§ **TASK DETAILS**
From the entries below, output the line with "三国志战略版（s2赛季攻略）" and each following line up to and including the line with "k8凯发登录 --天生赢家·一触即发", exactly as written.

§ **DATA FOR THE TASK**
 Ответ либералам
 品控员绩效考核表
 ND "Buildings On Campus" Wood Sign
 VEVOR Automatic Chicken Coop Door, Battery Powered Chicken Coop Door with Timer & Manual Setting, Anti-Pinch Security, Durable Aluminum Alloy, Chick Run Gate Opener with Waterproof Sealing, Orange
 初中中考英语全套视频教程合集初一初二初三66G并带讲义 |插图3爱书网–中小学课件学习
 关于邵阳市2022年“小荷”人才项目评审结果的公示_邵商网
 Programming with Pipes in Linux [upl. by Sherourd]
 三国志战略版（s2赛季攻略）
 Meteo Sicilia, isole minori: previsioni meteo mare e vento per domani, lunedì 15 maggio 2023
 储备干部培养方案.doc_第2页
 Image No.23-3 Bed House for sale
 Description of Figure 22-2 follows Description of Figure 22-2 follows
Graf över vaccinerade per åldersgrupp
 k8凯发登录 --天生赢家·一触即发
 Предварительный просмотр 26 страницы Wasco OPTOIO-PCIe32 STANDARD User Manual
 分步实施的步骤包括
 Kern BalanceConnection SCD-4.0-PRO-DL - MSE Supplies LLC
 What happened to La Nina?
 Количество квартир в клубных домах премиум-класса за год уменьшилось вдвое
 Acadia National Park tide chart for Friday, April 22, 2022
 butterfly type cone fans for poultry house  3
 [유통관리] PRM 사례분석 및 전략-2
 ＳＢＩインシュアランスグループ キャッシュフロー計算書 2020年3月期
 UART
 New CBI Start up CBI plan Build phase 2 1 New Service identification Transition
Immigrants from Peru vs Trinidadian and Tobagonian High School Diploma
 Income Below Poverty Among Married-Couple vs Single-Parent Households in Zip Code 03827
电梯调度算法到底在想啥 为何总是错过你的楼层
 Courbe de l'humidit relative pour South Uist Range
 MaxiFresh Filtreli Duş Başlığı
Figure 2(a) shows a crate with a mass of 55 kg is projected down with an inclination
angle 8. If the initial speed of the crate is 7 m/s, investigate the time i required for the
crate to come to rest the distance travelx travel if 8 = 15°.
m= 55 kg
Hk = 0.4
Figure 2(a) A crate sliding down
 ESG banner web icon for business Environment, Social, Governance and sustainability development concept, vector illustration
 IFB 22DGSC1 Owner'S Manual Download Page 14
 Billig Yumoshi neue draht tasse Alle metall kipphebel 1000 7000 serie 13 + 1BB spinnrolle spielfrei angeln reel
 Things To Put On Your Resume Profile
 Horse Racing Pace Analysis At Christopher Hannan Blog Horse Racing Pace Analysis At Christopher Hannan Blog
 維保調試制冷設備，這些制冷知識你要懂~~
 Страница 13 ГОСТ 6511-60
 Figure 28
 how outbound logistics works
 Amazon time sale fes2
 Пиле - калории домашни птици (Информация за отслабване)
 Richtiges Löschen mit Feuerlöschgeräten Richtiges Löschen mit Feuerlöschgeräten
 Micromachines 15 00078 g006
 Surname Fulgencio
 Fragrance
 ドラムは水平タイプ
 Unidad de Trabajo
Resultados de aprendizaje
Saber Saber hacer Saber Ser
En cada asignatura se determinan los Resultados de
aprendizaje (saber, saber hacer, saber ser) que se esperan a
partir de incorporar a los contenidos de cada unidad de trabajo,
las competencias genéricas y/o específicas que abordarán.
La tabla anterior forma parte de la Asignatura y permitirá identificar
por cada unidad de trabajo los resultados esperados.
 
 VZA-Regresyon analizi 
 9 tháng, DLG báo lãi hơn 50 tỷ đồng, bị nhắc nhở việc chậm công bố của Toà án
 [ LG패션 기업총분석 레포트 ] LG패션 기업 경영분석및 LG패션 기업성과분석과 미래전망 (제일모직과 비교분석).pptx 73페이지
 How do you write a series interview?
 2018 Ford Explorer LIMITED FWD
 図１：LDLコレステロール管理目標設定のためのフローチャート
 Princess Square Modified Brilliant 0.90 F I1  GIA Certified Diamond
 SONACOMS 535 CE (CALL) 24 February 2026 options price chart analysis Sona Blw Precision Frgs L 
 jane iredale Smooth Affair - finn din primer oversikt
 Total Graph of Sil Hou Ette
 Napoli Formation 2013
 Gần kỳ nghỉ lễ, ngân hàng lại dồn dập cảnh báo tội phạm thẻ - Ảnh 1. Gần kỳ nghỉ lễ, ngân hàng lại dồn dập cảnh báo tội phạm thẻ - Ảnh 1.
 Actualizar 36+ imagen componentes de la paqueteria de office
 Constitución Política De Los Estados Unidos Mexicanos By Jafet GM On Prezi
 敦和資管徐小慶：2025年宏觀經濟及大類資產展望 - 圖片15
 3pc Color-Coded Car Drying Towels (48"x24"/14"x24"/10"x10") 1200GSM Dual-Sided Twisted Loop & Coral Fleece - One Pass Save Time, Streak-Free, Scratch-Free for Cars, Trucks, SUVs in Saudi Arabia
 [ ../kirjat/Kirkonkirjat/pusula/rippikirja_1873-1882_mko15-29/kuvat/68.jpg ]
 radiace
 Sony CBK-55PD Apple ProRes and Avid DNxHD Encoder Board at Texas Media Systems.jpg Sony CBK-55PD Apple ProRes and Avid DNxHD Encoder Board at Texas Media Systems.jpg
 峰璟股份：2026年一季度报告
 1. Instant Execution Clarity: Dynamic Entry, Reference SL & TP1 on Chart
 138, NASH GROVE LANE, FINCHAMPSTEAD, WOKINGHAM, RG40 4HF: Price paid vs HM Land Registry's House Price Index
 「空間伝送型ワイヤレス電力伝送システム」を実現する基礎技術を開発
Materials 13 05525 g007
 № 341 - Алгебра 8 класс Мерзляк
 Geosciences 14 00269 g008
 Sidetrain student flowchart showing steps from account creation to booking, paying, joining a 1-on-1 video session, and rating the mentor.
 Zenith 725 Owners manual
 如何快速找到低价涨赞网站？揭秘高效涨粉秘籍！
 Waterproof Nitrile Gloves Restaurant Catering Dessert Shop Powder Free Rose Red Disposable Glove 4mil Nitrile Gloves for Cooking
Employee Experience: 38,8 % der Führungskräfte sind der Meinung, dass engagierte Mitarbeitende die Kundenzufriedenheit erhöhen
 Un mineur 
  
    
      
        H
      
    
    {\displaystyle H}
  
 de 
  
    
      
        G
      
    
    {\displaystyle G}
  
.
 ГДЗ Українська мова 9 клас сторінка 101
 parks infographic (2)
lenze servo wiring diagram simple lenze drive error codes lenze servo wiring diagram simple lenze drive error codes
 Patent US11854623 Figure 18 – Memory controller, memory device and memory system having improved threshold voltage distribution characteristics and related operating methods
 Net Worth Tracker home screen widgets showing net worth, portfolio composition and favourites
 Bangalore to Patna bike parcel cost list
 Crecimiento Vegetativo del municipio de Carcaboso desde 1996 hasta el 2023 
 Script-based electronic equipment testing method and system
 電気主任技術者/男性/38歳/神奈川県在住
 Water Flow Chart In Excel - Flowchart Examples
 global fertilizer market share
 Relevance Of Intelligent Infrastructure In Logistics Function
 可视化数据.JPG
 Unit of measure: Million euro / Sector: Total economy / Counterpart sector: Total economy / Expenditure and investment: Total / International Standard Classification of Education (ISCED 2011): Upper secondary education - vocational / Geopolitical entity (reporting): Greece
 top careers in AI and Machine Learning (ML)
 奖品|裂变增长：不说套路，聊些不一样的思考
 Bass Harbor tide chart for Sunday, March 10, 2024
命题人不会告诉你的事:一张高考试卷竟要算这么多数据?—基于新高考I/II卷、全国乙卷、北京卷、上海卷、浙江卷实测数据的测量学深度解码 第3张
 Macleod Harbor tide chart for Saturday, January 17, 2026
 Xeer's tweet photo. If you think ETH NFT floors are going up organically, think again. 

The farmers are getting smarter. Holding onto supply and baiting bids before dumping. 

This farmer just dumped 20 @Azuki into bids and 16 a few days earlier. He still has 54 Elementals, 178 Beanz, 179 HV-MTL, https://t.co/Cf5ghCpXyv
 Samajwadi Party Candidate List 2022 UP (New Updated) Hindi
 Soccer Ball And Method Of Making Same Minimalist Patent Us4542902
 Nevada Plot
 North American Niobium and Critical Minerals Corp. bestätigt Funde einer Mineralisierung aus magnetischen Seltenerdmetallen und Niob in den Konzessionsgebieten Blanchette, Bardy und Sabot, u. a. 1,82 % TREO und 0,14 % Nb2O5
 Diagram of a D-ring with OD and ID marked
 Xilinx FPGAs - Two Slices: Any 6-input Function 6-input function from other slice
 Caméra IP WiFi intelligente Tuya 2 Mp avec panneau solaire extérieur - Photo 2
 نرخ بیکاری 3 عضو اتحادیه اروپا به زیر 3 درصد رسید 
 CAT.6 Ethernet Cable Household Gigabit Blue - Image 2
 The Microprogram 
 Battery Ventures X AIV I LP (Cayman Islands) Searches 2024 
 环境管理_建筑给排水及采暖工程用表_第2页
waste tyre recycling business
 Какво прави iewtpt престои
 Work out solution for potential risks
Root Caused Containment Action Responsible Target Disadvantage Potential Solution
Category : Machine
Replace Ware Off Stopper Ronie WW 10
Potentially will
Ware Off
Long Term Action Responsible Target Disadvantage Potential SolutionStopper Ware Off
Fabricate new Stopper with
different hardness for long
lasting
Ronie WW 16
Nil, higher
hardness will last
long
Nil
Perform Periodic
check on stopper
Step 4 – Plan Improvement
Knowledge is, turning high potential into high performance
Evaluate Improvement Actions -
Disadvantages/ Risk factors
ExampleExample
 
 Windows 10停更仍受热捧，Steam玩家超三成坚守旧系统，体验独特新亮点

§ **OUTPUT OF THE EXERCISE**
 三国志战略版（s2赛季攻略）
 Meteo Sicilia, isole minori: previsioni meteo mare e vento per domani, lunedì 15 maggio 2023
 储备干部培养方案.doc_第2页
 Image No.23-3 Bed House for sale
 Description of Figure 22-2 follows Description of Figure 22-2 follows
Graf över vaccinerade per åldersgrupp
 k8凯发登录 --天生赢家·一触即发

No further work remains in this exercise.